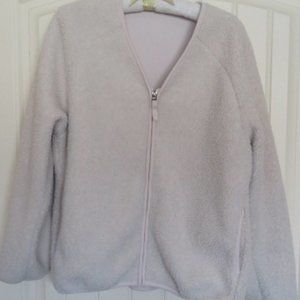 Uniqlo Cream Fleecy TEDDY Jacket Zip Front Large (K341)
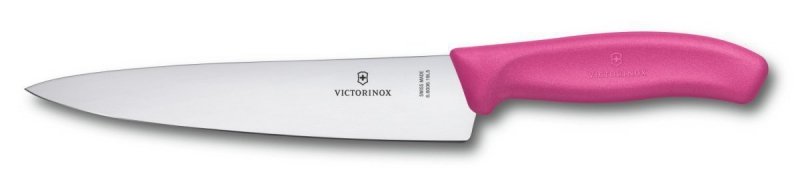 Nóż do porcjowania Victorinox - Ostre proste ostrze, ergonomiczna rękojeść TPE, łatwy w czyszczeniu - 19 cm - 6.8006.19L5B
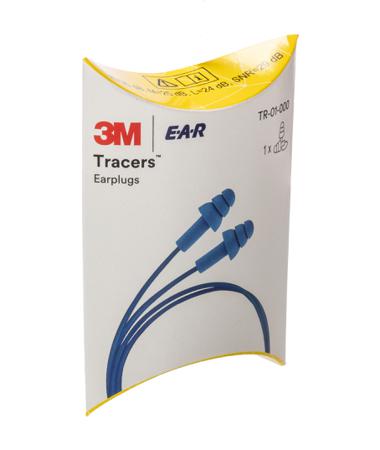 TR-01-000 Reusable Blue Thermoplastic Corded Ear Plugs, 32dB, 1 Pairs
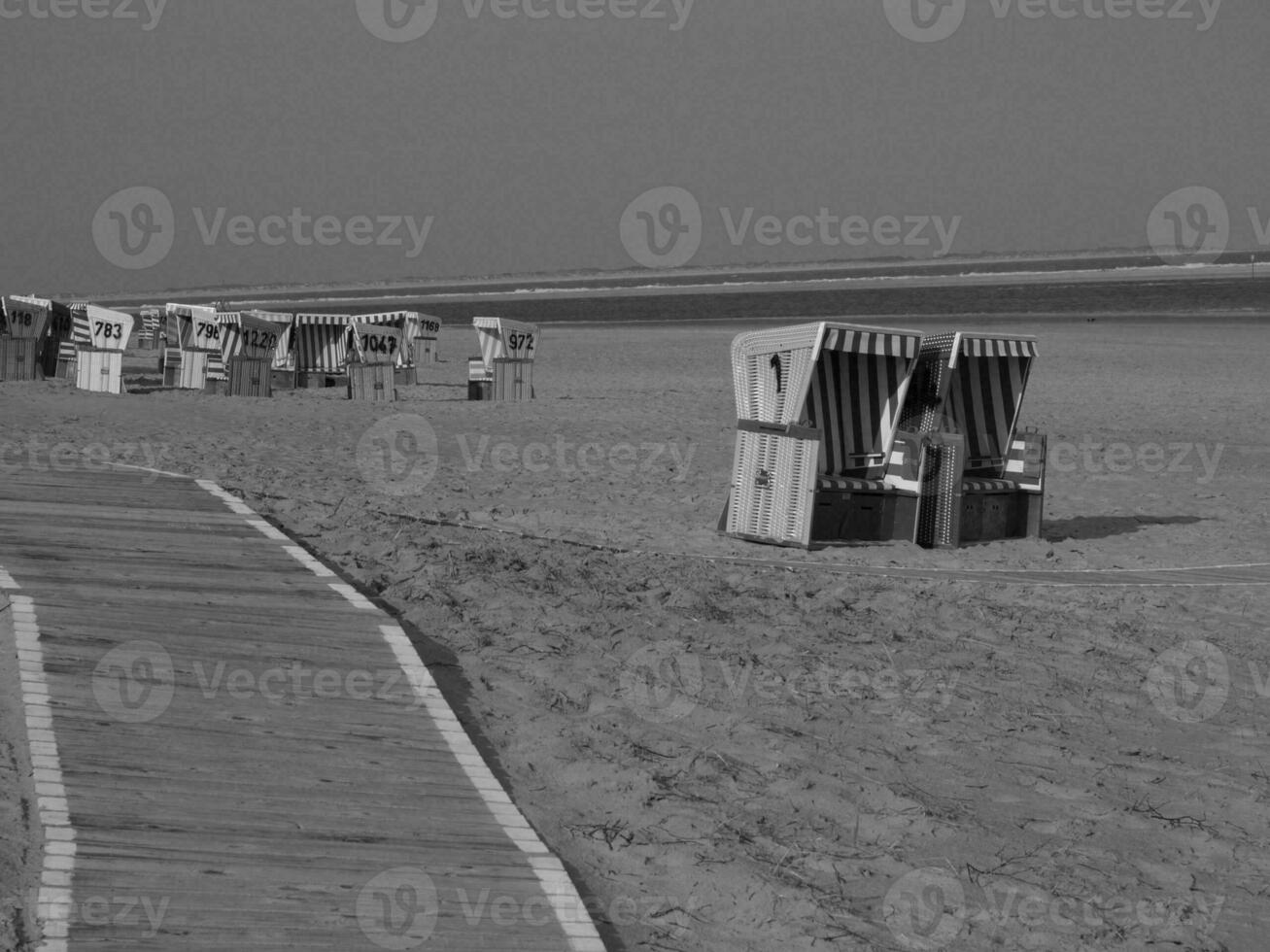 the island of Langeoog in germany photo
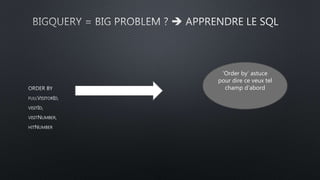 ‘Order by‘ astuce
pour dire ce veux tel
champ d’abord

**What you have to do**
Copy the data exactly. Pictures do not belong in the copy.

**Exercise answer**
 Uniqlo Cream Fleecy TEDDY Jacket Zip Front Large (K341)
 Nóż do porcjowania Victorinox - Ostre proste ostrze, ergonomiczna rękojeść TPE, łatwy w czyszczeniu - 19 cm - 6.8006.19L5B
 TR-01-000 Reusable Blue Thermoplastic Corded Ear Plugs, 32dB, 1 Pairs
 the island of Langeoog in germany photo
 ‘Order by‘ astuce
pour dire ce veux tel
champ d’abord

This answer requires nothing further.